◆ Exercise description
Where in the entries below does "Chapter" appear? Copy every line that has it.

Records from a data collection:
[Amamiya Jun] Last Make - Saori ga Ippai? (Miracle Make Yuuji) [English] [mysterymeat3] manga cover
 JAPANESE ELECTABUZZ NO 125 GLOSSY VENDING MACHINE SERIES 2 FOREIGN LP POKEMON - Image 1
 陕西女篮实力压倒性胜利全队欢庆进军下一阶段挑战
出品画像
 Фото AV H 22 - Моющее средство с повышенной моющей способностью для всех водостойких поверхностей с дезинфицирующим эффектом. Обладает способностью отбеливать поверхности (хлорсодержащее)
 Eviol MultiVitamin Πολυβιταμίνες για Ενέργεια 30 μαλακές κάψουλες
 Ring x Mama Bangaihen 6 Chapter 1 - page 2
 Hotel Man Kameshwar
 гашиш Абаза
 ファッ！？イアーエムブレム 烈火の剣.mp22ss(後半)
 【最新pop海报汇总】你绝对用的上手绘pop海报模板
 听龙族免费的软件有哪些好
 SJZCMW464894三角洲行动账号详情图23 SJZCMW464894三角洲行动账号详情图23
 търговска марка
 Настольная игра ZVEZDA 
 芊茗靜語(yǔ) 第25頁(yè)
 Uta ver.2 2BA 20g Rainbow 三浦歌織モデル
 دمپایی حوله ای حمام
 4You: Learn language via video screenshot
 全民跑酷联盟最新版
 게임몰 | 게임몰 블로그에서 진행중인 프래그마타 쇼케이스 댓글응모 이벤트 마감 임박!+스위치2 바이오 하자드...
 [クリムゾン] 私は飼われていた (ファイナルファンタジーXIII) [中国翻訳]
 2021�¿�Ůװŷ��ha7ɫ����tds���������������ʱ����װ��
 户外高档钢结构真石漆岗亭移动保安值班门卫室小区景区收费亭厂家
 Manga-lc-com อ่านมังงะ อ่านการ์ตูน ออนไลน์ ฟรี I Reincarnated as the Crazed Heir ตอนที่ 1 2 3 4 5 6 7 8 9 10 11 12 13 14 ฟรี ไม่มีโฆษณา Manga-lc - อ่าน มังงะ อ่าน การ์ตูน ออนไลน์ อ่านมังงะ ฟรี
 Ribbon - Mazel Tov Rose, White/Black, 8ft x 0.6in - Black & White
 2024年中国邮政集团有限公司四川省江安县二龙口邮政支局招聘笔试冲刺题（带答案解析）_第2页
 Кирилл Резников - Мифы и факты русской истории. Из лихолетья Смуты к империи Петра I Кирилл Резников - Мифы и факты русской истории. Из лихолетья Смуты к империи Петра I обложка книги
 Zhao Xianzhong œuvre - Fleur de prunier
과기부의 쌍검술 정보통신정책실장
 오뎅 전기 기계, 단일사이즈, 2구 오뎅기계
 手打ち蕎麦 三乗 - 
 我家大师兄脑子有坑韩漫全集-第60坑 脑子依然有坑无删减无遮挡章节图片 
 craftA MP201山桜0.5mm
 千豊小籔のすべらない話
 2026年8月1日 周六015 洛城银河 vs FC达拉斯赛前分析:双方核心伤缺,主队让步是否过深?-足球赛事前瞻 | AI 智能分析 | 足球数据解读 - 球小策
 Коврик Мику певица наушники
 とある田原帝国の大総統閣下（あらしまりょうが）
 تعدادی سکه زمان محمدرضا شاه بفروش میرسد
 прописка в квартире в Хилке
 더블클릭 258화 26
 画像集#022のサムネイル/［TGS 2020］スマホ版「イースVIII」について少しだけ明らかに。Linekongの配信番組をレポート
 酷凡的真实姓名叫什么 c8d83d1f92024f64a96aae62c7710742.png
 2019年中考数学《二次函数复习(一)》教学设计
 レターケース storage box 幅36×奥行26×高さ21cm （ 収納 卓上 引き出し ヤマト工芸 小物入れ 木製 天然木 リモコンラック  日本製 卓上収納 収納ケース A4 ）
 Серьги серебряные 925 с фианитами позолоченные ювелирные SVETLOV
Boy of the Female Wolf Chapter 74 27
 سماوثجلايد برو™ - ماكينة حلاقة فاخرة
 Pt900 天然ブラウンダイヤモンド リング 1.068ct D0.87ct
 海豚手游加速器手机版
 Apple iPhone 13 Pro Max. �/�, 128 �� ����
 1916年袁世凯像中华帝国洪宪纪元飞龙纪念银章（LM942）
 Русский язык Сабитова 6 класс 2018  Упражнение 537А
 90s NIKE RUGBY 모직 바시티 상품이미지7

◆ Exercise output
 Ring x Mama Bangaihen 6 Chapter 1 - page 2
Boy of the Female Wolf Chapter 74 27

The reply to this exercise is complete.